How debt crushes education

Submitted by AWL on 9 October, 2019 - 10:31 Author: Natalia Cassidy
debt

For many Americans, choices about higher education come with stark consequences in terms of the levels of debt for students and their families will have to take on.

The UK student debt system appears relatively benign in comparison. The levels of repayment are significantly lower than in the USA, the debt repayment threshold much higher.

In the UK, methods of financing are, for the most part, centralised through the state, whereas in the USA a lot of student debt is to private lenders. University fees in the USA are largely unregulated, and have risen sharply, including at public universities. At Harvard University in 2018-9 fees were $46,340, the equivalent of £37,000.

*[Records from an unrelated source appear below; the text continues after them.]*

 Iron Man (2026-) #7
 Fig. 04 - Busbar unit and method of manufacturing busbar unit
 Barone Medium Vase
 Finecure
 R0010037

When US universities go down in the academic rankings, they often increase rather than cut fees, because they reckon that being expensive will appear to give them higher status.

45 million people in the USA, between them, owe more than $1.5 trillion in student loan debt. Some 460,000 people are in default on their student debt. Student loan debt is bigger than either credit-card or car debt, though still smaller than mortgage debt ($9 trillion). England’s student debt mountain is as yet tiny by comparison (£121 billion, equivalent of $147 billion, one-tenth as big as the USA’s).

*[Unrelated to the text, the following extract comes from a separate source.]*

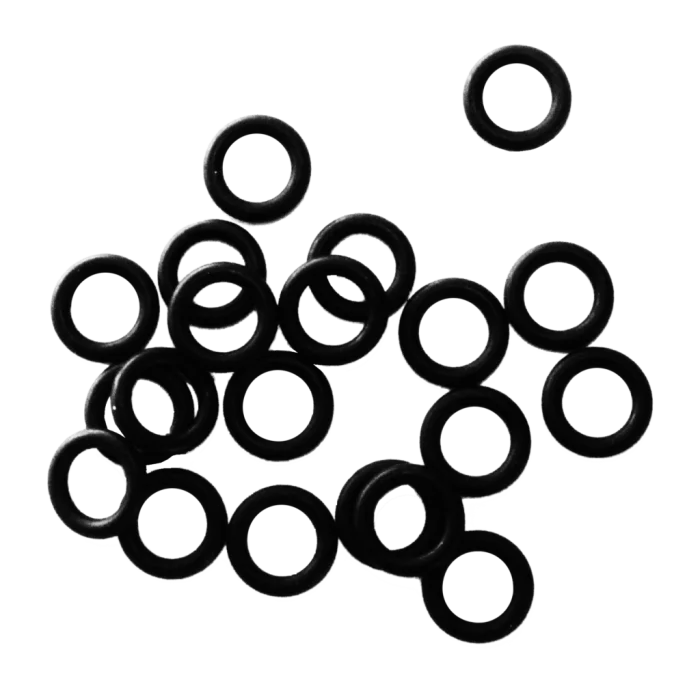 oring-neri-1024x966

Since 1998 the student finance system in England and Wales has become more and more “financialised”. America’s system of financialisation to the nth degree may look a long way off, but it shows the result of taking policies of marketisation to their logical conclusions.

In Caitlin Zaloom’s new book Indebted, based on a series of interviews with American students and their parents, we gain insight into the ways in which the “student finance complex” (as Zaloom coins it) impacts the ways in which both students and their families are forced to operate.

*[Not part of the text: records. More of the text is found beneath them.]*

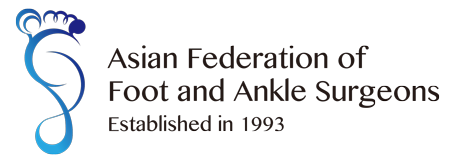 AFFAS_logo https://anklepro.ru/wp-content/uploads/2025/04/affas_logo.png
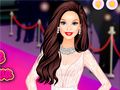 Barbie Party Diva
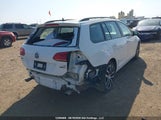Volkswagen Golf Sportwagen 1.8 Tsi Comfortline/1.8 Tsi Highline/1.8 Tsi Trendline 3VW017AU0HM542308 fotografie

Writing as an anthropologist, Zaloom describes the ways in which the burden of debt for many in America wishing to access higher education fundamentally alters the ways in which the family operates, and particular notions of the family are reinforced.

The astronomical levels of debt that students and families take on shackle students to their parents. Students are often dependent on their parents to shoulder some of the debt burden, and the parents depend on their children’s future earnings to make up for the loss of savings they might have put towards retirement instead.

This system ties students to the pasts of their parents at precisely the point at which students are trying to facilitate their own independence. It entrenches generational inequality and steepens the playing field, particularly for students whose only option it to attend the poorer performing for-profit colleges.

Such astronomical levels of debt do not make sense in “rational” bourgeois society. Levels of private debt are a much greater force for economic destabilisation in the capitalist economy than public debt – public debt being much cheaper to service, and with a relatively negligible impact on consumer spending.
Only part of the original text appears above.